In 1903, the year Mary Dimakis was born, the Wright Brothers put the first plane in the air, Henry Ford rolled out the Model A and the first World Series game was played.
Dimakis, the oldest Greek-American living in the United States, died Oct. 5 at her home off Coral Way. She was 109.
At the time of her death, she was also one of the oldest living Greeks in the world, according to The National Herald, a Greek-language weekly based in New York.
She was born Sept. 9, 1903 in a Greek community in Turkey, but her family fled to New York in 1920 shortly after the start of the Greco-Turkish War.
She moved to Miami in 1921 with her husband, Nicholas Ponticos, a fruit shipper.
She and her husband hunkered down through the 1926 hurricane and saw first hand the building of the Biltmore Hotel and the Freedom Tower. She was among the pioneers who founded Miami’s first Greek community in 1927, around Northeast First Avenue and 15th Street. Together, they had a daughter, Evelyn.
Ponticos died in 1935, and five years later she married James M. Dimakis, a land developer.
Mary Dimakis was a pioneer member of St. Sophia’s Greek Orthodox Cathedral in Miami, which was built in 1948. That same year, Dimakis and other Greek families established their presence in The Roads neighborhood by moving near the church.
A housewife her entire life, Mary Dimakis took pride in the traditional Greek baking she learned from her mother, which meant using lots of olive oil, real butter, nuts and honey.
“Aunt Mary baked wonderful koulourakia and kourambiethes,” recalled her nephew, Gus Efthimiou Jr. The smell of fresh Greek bread was always wafting from the open kitchen window, he said.
Her baking also was a sign of faith. Dimakis often made the prosforo — communion bread — for St. Sophia’s. The pan she used to make this bread could not be used for anything else.
During Easter, Dimakis would dye hard-boiled eggs a deep red, symbolizing the redeeming blood of Christ. The eggs were used to play a traditional game called tsougrisma, in which church members would tap eggs to see which one held up.
An active member of the local Greek Orthodox Ladies Philoptochos Society, she prided herself on charity work to promote her Orthodox faith. She had a passion for baking traditional Greek pastries to raise money for the less fortunate.
“Mary embodied the meaning of being a Orthodox Christian,” said the Rev. Spiro D. Bobotas of Saint Sophia’s. “I was humbled by her constant desire to attend church services and the witness that she showed others by her incredible faith.”
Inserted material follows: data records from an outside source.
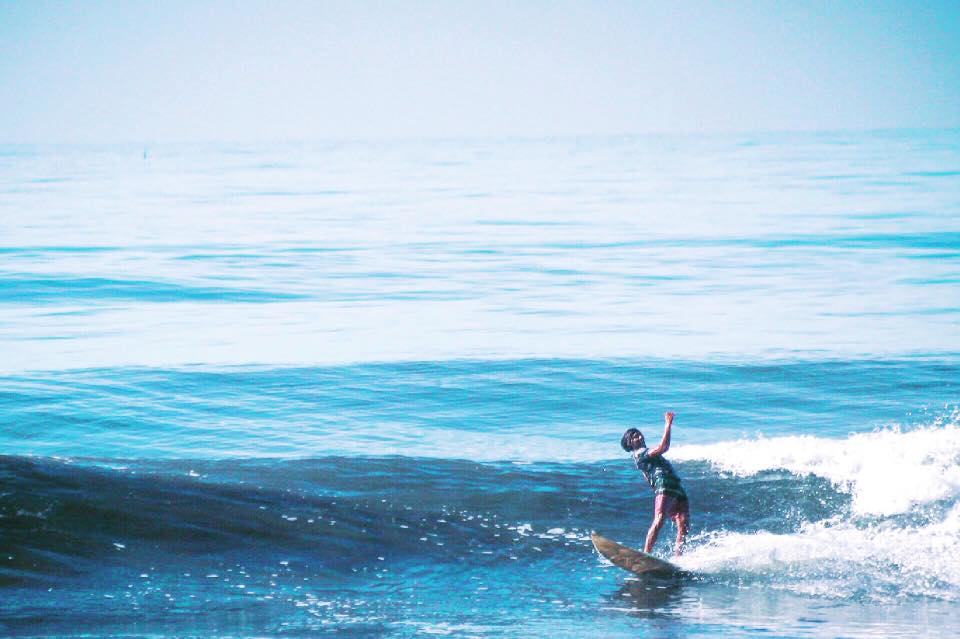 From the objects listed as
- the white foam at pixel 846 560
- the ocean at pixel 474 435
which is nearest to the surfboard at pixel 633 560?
the ocean at pixel 474 435

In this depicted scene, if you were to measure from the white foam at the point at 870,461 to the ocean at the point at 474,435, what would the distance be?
2.1 inches

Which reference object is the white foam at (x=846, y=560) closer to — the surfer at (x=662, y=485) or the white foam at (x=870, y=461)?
the surfer at (x=662, y=485)

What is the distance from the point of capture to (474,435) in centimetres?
1553

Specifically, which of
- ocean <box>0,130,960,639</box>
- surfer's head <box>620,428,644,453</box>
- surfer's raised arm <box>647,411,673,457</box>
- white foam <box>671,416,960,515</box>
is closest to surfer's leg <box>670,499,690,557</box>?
ocean <box>0,130,960,639</box>

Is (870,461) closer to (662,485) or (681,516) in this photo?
(681,516)

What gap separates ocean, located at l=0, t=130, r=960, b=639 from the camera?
8.92 meters

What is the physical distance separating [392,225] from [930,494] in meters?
37.4

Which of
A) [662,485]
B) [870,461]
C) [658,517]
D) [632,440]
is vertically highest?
[632,440]

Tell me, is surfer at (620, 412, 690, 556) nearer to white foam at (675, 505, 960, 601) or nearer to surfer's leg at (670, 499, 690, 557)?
surfer's leg at (670, 499, 690, 557)

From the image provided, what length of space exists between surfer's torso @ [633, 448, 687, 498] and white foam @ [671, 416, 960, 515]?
2630mm

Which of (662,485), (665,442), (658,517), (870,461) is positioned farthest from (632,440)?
(870,461)

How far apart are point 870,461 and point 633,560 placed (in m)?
4.78

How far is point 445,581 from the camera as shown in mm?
9492

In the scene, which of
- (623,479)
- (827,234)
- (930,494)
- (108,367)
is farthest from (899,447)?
(827,234) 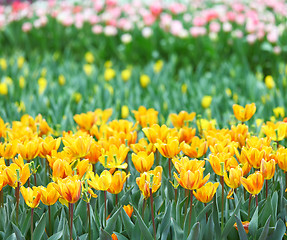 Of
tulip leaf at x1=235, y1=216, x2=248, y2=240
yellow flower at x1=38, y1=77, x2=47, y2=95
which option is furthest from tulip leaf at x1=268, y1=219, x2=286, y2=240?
yellow flower at x1=38, y1=77, x2=47, y2=95

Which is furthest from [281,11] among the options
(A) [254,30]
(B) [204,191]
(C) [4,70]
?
(B) [204,191]

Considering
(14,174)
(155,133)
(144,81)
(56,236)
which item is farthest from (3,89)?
(56,236)

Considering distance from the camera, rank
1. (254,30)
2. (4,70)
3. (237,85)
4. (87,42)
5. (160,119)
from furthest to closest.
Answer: (87,42) < (254,30) < (4,70) < (237,85) < (160,119)

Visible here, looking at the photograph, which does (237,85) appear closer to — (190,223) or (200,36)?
(200,36)

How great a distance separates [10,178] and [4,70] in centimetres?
321

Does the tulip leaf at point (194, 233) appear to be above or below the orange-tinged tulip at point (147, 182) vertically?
below

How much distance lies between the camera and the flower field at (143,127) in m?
1.51

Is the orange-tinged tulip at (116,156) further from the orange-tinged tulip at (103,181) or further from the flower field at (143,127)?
the orange-tinged tulip at (103,181)

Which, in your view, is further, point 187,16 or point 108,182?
point 187,16

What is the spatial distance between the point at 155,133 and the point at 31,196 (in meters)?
0.61

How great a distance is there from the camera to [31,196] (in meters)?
1.44

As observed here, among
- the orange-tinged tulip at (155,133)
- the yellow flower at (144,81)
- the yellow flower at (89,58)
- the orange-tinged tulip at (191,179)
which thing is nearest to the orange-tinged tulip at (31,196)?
the orange-tinged tulip at (191,179)

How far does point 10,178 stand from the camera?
151cm

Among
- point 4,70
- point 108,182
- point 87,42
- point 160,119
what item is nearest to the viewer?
point 108,182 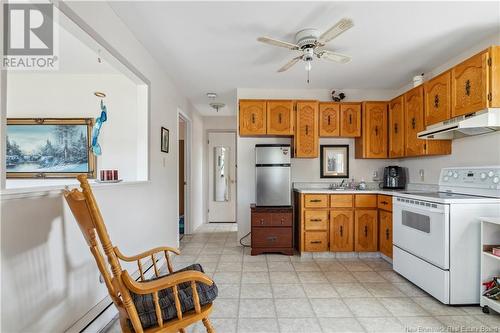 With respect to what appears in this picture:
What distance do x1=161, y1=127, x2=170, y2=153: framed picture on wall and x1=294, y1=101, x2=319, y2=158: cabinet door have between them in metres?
1.80

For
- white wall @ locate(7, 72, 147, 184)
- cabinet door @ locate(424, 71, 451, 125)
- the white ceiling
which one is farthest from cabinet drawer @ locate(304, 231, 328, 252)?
white wall @ locate(7, 72, 147, 184)

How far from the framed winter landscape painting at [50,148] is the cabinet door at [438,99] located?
13.0 ft

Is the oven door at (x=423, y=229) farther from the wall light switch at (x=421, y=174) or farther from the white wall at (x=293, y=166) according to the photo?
the white wall at (x=293, y=166)

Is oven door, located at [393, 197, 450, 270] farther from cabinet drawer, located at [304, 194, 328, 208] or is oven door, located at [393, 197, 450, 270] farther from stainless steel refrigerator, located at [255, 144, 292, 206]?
stainless steel refrigerator, located at [255, 144, 292, 206]

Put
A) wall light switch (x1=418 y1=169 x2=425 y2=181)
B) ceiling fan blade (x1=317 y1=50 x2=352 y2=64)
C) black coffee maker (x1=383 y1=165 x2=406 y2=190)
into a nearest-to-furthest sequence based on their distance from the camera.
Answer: ceiling fan blade (x1=317 y1=50 x2=352 y2=64) → wall light switch (x1=418 y1=169 x2=425 y2=181) → black coffee maker (x1=383 y1=165 x2=406 y2=190)

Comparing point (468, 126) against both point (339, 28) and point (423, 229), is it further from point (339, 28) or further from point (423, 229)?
point (339, 28)

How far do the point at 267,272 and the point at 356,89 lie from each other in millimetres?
3118

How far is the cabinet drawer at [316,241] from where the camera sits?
353 cm

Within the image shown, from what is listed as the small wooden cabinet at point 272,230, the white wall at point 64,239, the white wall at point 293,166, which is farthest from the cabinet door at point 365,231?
the white wall at point 64,239

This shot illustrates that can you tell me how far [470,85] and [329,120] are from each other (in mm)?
1730

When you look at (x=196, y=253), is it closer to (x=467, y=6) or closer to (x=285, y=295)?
(x=285, y=295)

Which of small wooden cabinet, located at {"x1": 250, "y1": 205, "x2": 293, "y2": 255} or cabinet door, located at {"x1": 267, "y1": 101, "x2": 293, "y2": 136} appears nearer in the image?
small wooden cabinet, located at {"x1": 250, "y1": 205, "x2": 293, "y2": 255}

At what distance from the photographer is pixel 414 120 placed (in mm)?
3217

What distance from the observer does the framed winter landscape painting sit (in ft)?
10.4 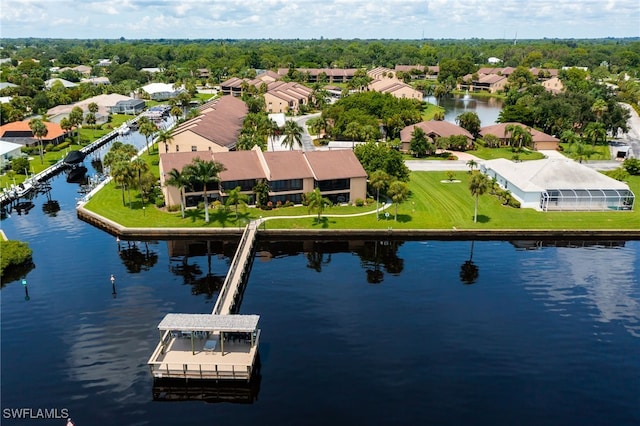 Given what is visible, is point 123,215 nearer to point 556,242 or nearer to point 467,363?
point 467,363

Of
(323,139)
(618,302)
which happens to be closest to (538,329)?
(618,302)

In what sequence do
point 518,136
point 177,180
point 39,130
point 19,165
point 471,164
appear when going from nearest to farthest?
point 177,180, point 19,165, point 471,164, point 39,130, point 518,136

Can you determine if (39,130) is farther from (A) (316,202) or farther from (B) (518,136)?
(B) (518,136)

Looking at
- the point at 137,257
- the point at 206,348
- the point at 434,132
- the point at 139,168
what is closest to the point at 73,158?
the point at 139,168

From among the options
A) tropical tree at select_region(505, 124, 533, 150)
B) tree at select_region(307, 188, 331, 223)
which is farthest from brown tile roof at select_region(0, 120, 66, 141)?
tropical tree at select_region(505, 124, 533, 150)

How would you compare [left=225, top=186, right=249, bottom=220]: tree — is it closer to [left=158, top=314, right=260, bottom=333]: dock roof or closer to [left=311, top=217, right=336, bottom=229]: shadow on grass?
[left=311, top=217, right=336, bottom=229]: shadow on grass

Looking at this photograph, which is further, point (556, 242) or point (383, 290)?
point (556, 242) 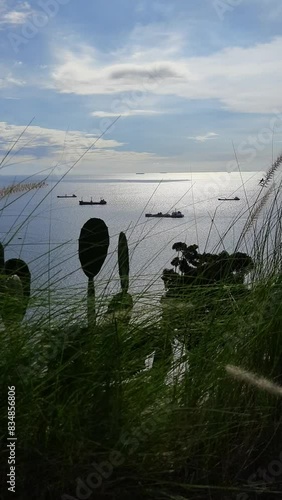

One of Dimakis’ most prized possessions was a cross blessed by Archbishop Iakovos in 1960. Iakovos was a civil rights champion who was featured on a 1965 cover of Life magazine walking hand in hand with Dr. Martin Luther King Jr. in Selma, Ala.
Photos of her family lined the mantle of her fireplace. Among her favorites, a 2003 photo from her 100th birthday party that showed her nestled between dozens of family members and friends from church.
On the wall, a personally signed note congratulating her on her 105th birthday in 2008 from President George W. Bush.
Efthimiou would often take Dimakis out to lunch and shop.
“She pushed her own cart at Publix,” said Efthimiou. “She liked to go to Sear’s and buy dresses and shoes for church.”
She frequented three Greek restaurants near her home. At her favorite, Milo’s on Ponce de Leon in Coral Gables, she would order lamb chops, a baked potato and traditional egg-lemon soup, Efthimiou said.
“We had a surprise party for Aunt Mary at the church a few weeks ago on Sept. 9 when she turned 109,” said Efthimiou.
Two years ago, the city issued a proclamation honor of her community service, making Sept. 9 “Mary Dimakis Day.’’
“I believe the city of Miami has lost a beloved resident and a kind human being,” said Mayor Tomas Regalado, who lives a few blocks from Dimakis.
When asked her secrets for a long life, Dimakis credited daily prayer, eating Greek food and having a good sense of humor.
When asked her age, she would feign seriousness: “I tell people the same thing every year.’’
She was predeceased by her husband, who died in 1991 and her daughter Evelyn Helides, who died in 2009.
A viewing will take place 6-9 p.m. Thursday at Ferdinand Funeral Home, 2546 SW Eighth St. Funeral services will be 11 a.m. Friday at St. Sophia's Greek Orthodox Cathedral, at 2401 SW Third Ave.